Maybe it just takes a good night of sleep and a quick look through our notes. Sometimes it needs a serious conversation with someone. Sometimes it needs the patience to let a story unfold: we are so used to have many things available at the click of a button, we sometimes overlook how small impulses can lead to important changes. Just like a seed needs time to grow, ideas and insights need time to unfold and integrate.
Treasure chest
Contemplating on the treasures that I carry from the Story Camp, I stumble upon the word chest: isn´t it our chest that holds and protects our hearts?
And yes, this chest is filled with many treasures: the buzzing of the conversations between people who never met just minutes after we opened the camp. The moment the empty agenda fills with topics and questions. All of them so exciting, all of them so relevant that I need to remind myself that there can a joy of missing out. Entering the first session on “What actually defines a story?” thinking I know too much and being carried away by the depth, insights and openness of the dialogue. Experimenting with telling stories in a many ways: sitting on and walking between the benches of Lingenau: deepening my connection to my fellow travelers, the village that is hosting us, the community that inhabits it and the storyteller in me. New encounters with wonderful people.
Poetics and politics
Sitting on the stairs outside our plenary room at the old guest house Engel, two words come to me. Now, they seem like a title for the themes that moved and captured me in the last days: poetics and politics.
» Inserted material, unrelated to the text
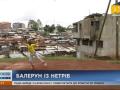 Кенийский мальчик, которому нечем платить за уроки танцев, разучивает балетные па в трущобах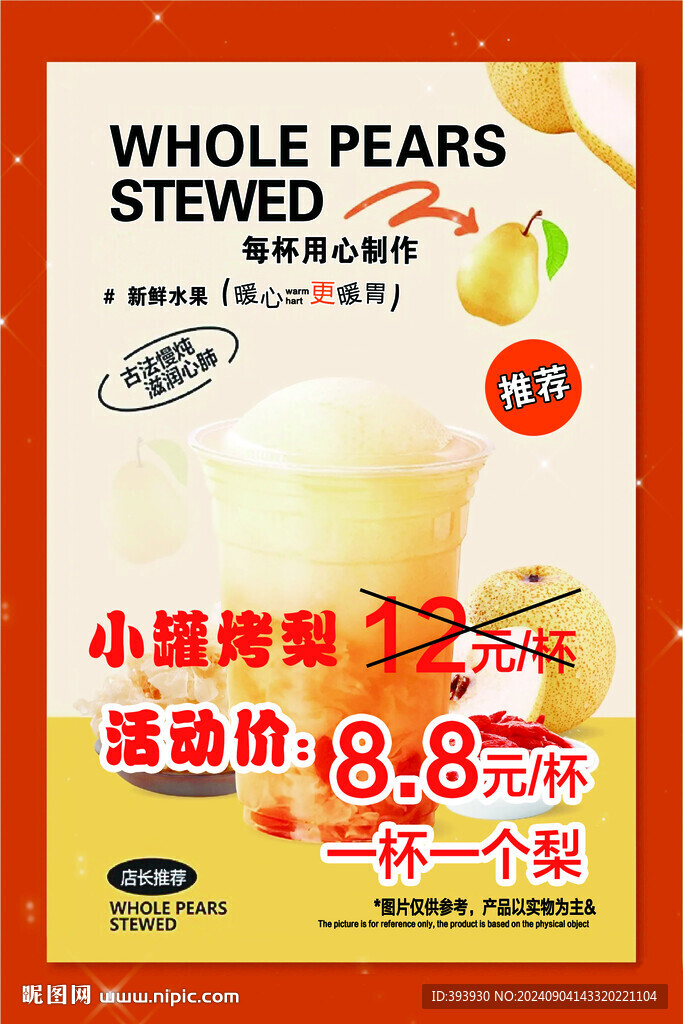 烤梨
I attended five different sessions over the last four days. Two of them focused on political topics: “Climate change – what´s the treasure?” and “Narration, Politics and Polarization”.
These sessions were both rich and challenging and the same time. Entering the realm of politics means entering the realm of diversity: different viewpoints, interpretations, values and feelings want to be heard and might compete for airtime, acknowledgement and attention. If every encounter has the potential to exemplify new ways of working and being together, these two sessions nailed it: the willingness to listen and to enter dialogue enabled us to make meaning together. To sit in the fire of diversity and let shared understanding emerge so we can harvest our collective insights.
The topic of climate change is so complex and all-encompassing that I often feel overwhelmed by it. Proposing the topic at the camp was a first tentative step for entering a true conversation about the topic. Feeling and testing how it is for me to talk about it. To find a stance and a language for myself in how to approach the topic. This first step was highly rewarded.
The session not only made me even more sensitive to the different sensibilities around the topic but also about the complex mesh of technological path-dependencies and social dynamics around: after all, we are discussion our way of living as a species. Two major points stand out for me from this discussion:
We need to talk about the treasure at the end of the journey of transforming the way we live as a species. As long as the conversation is framed as a fight and about what we need to be stopping, it carries the sentiment of despair and sadness. We will work against something. Yet, what if we can work for something? A vision that ignites because there is something to win? What could it be that lies at the end of this fundamental transformation? In our conversation, a new sense of interconnectedness was the answer: not only with our role in the ecosystem and the production of life on this planet, but also in relation to ourselves, the place we inhabit and our communities. To move from a production system that sees the earth as minable resource to a re-production system for life on this earth.
The narrative of fighting climate change resembles the “monster in the house plot”. We can only escape (sick!) or kill (how?) the monster. We were quite stuck with the plot for a long while in our discussion. What opened new avenues in our thinking was a metaphor shift as the foundation for a new story: If humanity has been dancing on the earth for centuries (at least in the west), exploiting its resources, we now have to dance with the earth, embracing and acknowledging our impact and the complex net of feedback loops and interdependencies.
The storyteller in me
In the last circle of the camp, out on the grass in front of the plenary, I was surprised by the words I said: that I never identified as a storyteller. That I never got really in touch with the power of the storyteller to create new worlds by creating and sharing a story. I feel different now as the Camp opened me in many ways for the craft and art of storytelling. From the first session on what defines a story, to crafting and co-creating different beginnings for a novel in session four.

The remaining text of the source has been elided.